Bronzes in the female category – which had a smaller number of entries than the men’s category, obviating the need for semi-finals – went to Cote d”Ivoire and Morocco.
Mixed Gender Semi-finals Match 1: China vs Morocco
The first semis of this new format – pioneered in Baku last year, and featuring two male and two female fighters, through the actual combats are only male-male/female-female – pitted China against Morocco.Morocco took an early lead, 4-0, and did not relinquish it in the first, ending Round 1 11-9 up. Play got faster and fiercer in the succeeding rounds, with both teams employing high kicks to good effect, and the board favoring first one team, then the other, but Round 3 ended with a draw – 22-22. That took the match to Golden Kicks overtime: The first team to score four points.It was China which struck first, taking points and match, 6-0.
Mixed Gender Semi-finals Match 2: China vs Korea
Defending champions Team Korea, who had benefitted from a by in the first round, took on Team China. Korea had the edge in stamina, given that Team China had already fought, but the Chinese had a slight edge in height. A high-scoring first round ended 15-11 to Korea. In the second Korea drew steadily ahead, ending the round 34-23.The third round featured the fastest series of substitutions the tourney had yet seen and China drew ahead 44-43. Korea mounted a desperate, last-seconds counter attack, but it ended 54-43 to China.
Mixed Gender Semi-Finals Match 2: Mexico vs Russia
The Russians opened the scoring, going 10-0 before Mexico found the range; the round ended 14-6 to Russia. In the second, the Russian point storm continued; The Mexicans were trying spectacular techniques, but not landing. In the second, it was Mexican fire against Russian precision: Russian professionalism won out as the board rose 46-16 in their favor. In the third, Mexico continued to fight bravely, but were clearly outgunned. Russia won a place in the finals with a massive 67-27 win.

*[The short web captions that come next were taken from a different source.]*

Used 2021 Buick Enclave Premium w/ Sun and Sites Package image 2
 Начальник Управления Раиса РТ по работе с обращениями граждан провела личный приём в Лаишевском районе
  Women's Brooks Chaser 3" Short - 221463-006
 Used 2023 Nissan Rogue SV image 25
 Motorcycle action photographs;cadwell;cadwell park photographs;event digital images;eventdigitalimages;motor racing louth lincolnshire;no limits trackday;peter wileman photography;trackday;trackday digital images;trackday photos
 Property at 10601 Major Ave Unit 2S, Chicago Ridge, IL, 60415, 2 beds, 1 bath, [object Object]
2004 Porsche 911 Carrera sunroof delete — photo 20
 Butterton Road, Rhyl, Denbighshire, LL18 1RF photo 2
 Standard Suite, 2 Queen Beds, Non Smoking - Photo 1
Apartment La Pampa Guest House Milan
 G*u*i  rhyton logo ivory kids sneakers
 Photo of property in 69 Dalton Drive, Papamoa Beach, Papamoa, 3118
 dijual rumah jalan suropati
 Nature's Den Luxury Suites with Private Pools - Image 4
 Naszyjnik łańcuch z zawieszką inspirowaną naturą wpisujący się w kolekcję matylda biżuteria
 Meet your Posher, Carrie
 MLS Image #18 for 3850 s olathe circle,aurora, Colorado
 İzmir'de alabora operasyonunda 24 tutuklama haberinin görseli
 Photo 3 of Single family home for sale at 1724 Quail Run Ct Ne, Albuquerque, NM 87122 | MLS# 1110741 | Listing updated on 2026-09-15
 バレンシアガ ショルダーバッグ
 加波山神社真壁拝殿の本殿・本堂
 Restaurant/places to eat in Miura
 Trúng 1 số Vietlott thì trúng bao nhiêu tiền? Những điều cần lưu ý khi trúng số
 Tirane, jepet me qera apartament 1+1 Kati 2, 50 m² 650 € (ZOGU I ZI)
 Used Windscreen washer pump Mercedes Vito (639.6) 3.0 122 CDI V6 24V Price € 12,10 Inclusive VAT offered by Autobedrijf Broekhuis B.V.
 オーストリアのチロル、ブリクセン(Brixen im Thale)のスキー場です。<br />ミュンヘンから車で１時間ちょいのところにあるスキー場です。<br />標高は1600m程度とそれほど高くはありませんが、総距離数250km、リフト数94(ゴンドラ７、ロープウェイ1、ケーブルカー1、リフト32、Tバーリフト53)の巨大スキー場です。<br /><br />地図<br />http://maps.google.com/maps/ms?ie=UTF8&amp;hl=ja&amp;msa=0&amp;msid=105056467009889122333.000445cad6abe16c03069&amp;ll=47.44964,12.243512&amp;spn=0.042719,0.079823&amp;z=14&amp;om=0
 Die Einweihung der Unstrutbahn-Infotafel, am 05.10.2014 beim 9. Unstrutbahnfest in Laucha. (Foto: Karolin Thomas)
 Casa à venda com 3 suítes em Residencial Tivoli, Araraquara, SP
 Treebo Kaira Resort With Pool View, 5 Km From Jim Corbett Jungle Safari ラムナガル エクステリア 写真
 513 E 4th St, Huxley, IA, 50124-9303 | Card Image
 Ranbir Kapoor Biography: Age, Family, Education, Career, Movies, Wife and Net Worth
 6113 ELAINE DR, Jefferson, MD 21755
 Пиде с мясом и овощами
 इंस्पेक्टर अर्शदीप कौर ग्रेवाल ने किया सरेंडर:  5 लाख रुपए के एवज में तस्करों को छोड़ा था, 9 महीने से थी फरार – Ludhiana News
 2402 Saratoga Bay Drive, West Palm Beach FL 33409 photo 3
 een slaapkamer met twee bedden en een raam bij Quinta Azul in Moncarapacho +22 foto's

Mixed Gender Finals: China vs Russia
China had a height advantage, but as the first got underway, Russia drew first blood, going 4-0 up before China started to connect and draw ahead – but only briefly. Russia settled down and went to work, ending the round 14-8 up. The second saw see-sawing scores and multiple tactical substitutions with China narrowing the point gap then seizing a convincing lead, ending the round 32-20 – a nightmare for Team Russia, who had looked so assured earlier. Round 3 saw the Chinese maintaining their momentum making multiple fast, tactical substitutions. The Russians were fighting like hell but the Chinese were not to be denied, fighting and changing players fast, to the apparent frustration of the Russians. With two minutes left, it was 45-40 to China, but with Russia looking more dangerous. A superb combination attack by Russia bought the score up to 44-45 – then Russia drew ahead. But when the buzzer went, the board read 53-53. The Golden Kicks round got straight down to business: In a center-of-ring kicking clash, China took gold with a score of 4-2.
Taekwondo’s elite next meet at the brand new Grand Slam Champions tournament in Wuxi, China. The five-match, big-money series kicks off on Dec. 30.